Have you heard people — okay, lawyers — talk about "the Southern District"? As if you MUST know what they mean? Surely not the Southern District of West Virginia — one of the coolest names in the entire U.S. court system.
No. Not that. This:
S.
D.
N.
Y.
Where Learned Hand sat before Calvin Coolidge put him on the Second Circuit. That one.
A couple of days ago, a panel of the court that Judge Hand adorned in all his 37 years there Reined In one of those whose judgments it checks for error. And the panel, per curiam-wise, said His Honor had Gone Too Far.
The case involved a fight between the Securities and Exchange Commission and Citigroup Global Markets over the latter's sales of — yikes — "collateralized debt obligations". Citigroup's hawking of CDOs misled people who bought them, the SEC urged, because Citigroup had to know they'd hugely drop in value once the market woke up to the fact that the collateral — often real estate mortgages — had Far Less Value than the buyers had guessed.

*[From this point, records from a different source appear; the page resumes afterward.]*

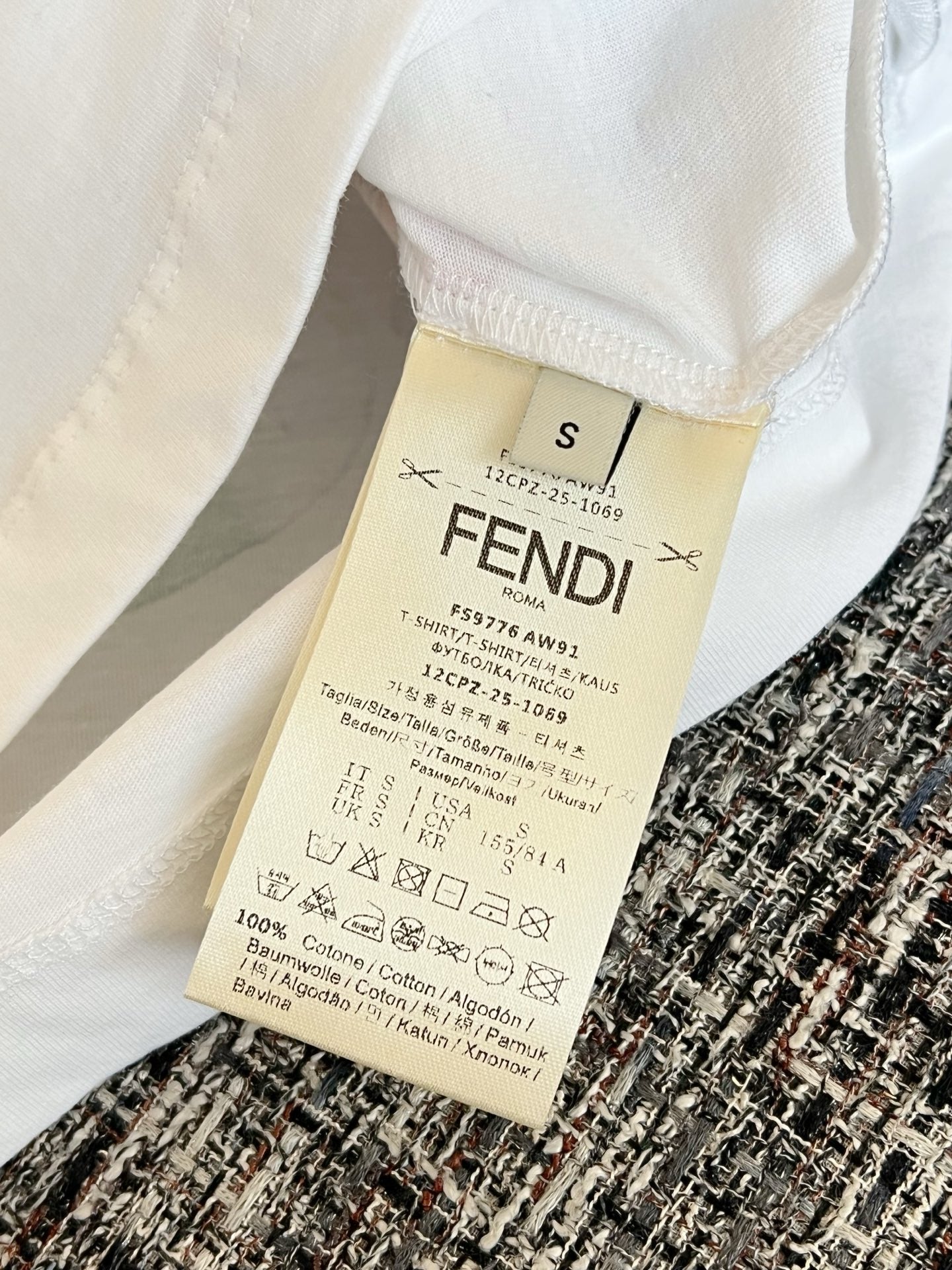 티모 / 펜디 꽃 나비 프린트 반팔 티셔츠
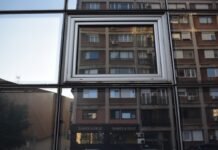 Ceuta ante el espejo: entre la identidad, la geopolítica y el abandono institucional A reflection of a building in a window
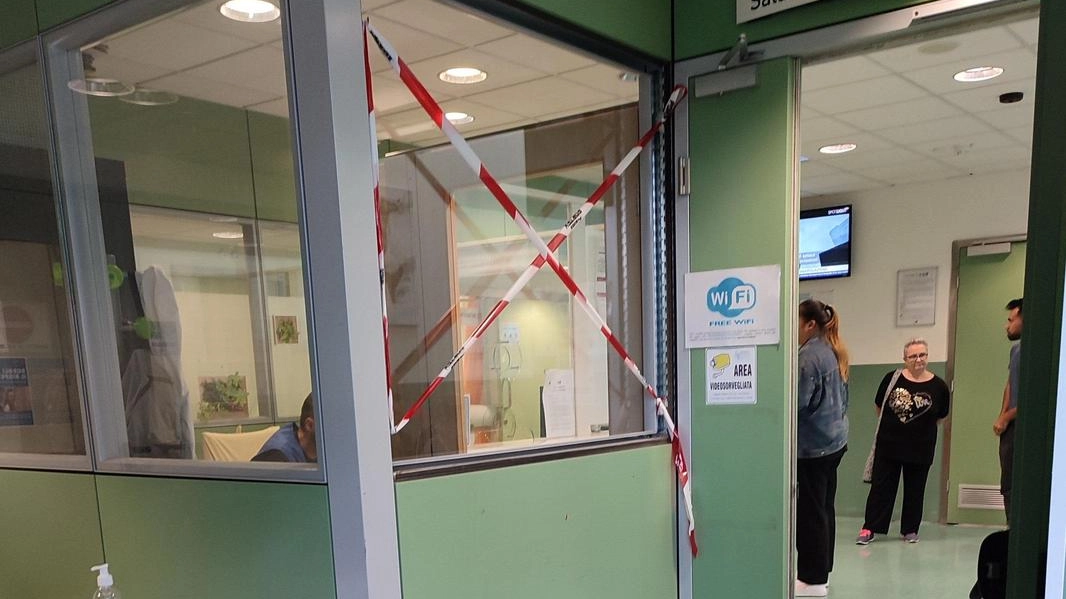 Una vetrata rotta da un esagitato al pronto soccorso Foto Attalmi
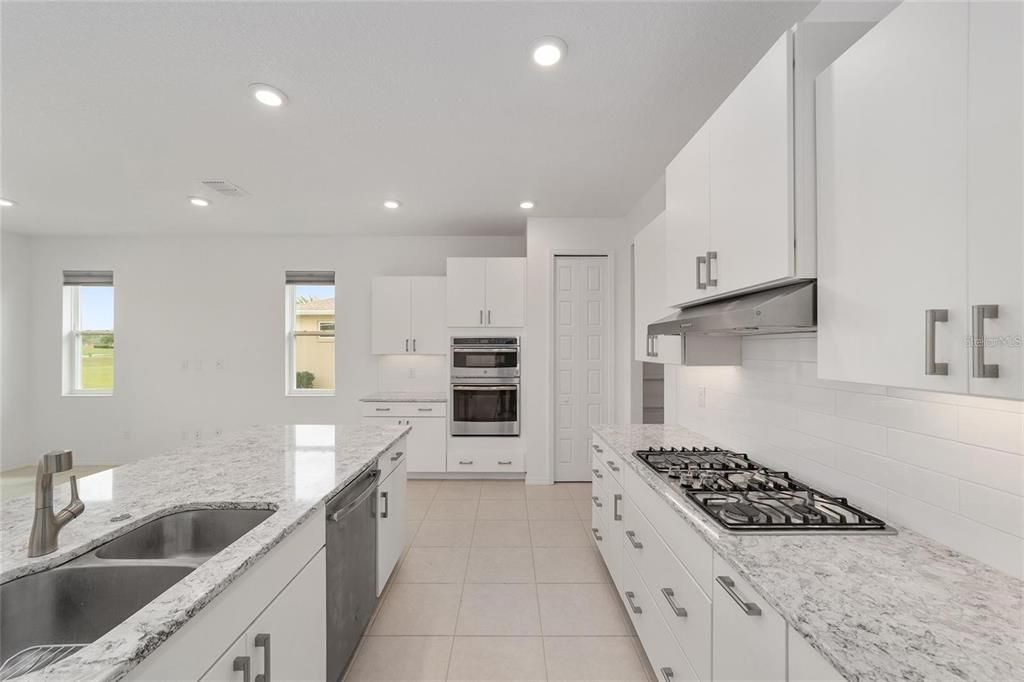 For Sale: $349,900 (2 beds, 2 baths, 1845 Square Feet)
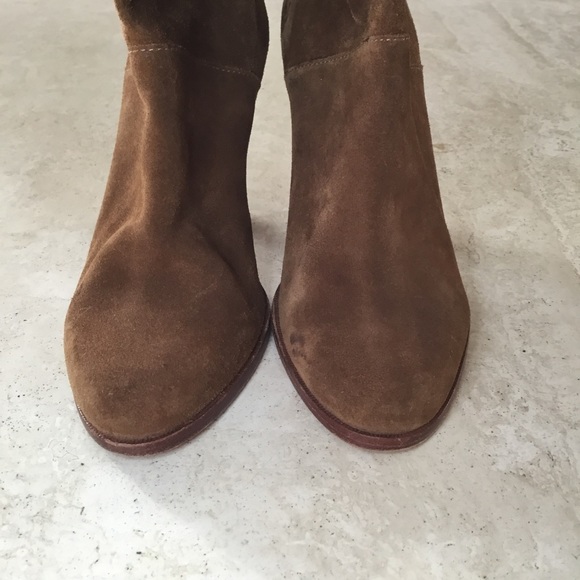 MICHAEL Michael Kors Vintage Slouchy Suede Knee-High Boots - Picture 4 of 8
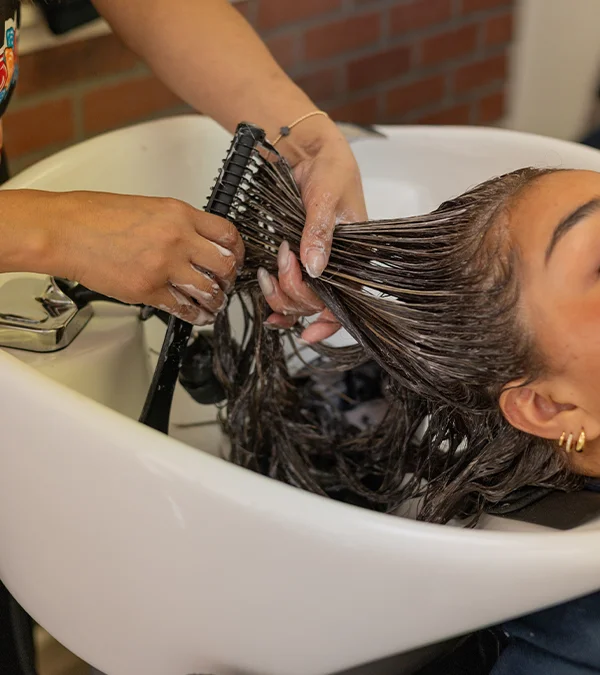 Nourishing salon treatment to strengthen hair and restore shine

The SEC and Citigroup struck a deal that would return to the CDOs buyers $285 million — an amount that Blawgletter thinks reflects a Small Fraction of what the Victims really Lost. But the court, in the guise of U.S. District Judge Jed Rakoff, said Try Again or Go to Trial.
Citigroup filed an appeal and asked for a stay of the ruling. The Second Circuit panel granted the request. It said:
The district court’s reasoning was that the settlement must be deemed to be either insufficiently onerous or excessively onerous unless the liability of Citigroup had been either proved or disproved at trial or one side or the other had conceded the issue. This is tantamount to ruling that in such circumstances, a court will not approve a settlement that represents a compromise. It is commonplace for settlements to include no binding admission of liability. A settlement is by definition a compromise. We know of no precedent that supports the proposition that a settlement will not be found to be fair, adequate, reasonable, or in the public interest unless liability has been conceded or proved and is embodied in the judgment. We doubt whether it lies within a court’s proper discretion to reject a settlement on the basis that liability has not been conclusively determined.
Securities and Exchange Comm'n v. Citigroup Global Markets, Inc., No. 11-5227-cv, slip op. 11-12 (2d Cir. Mar. 15, 2012).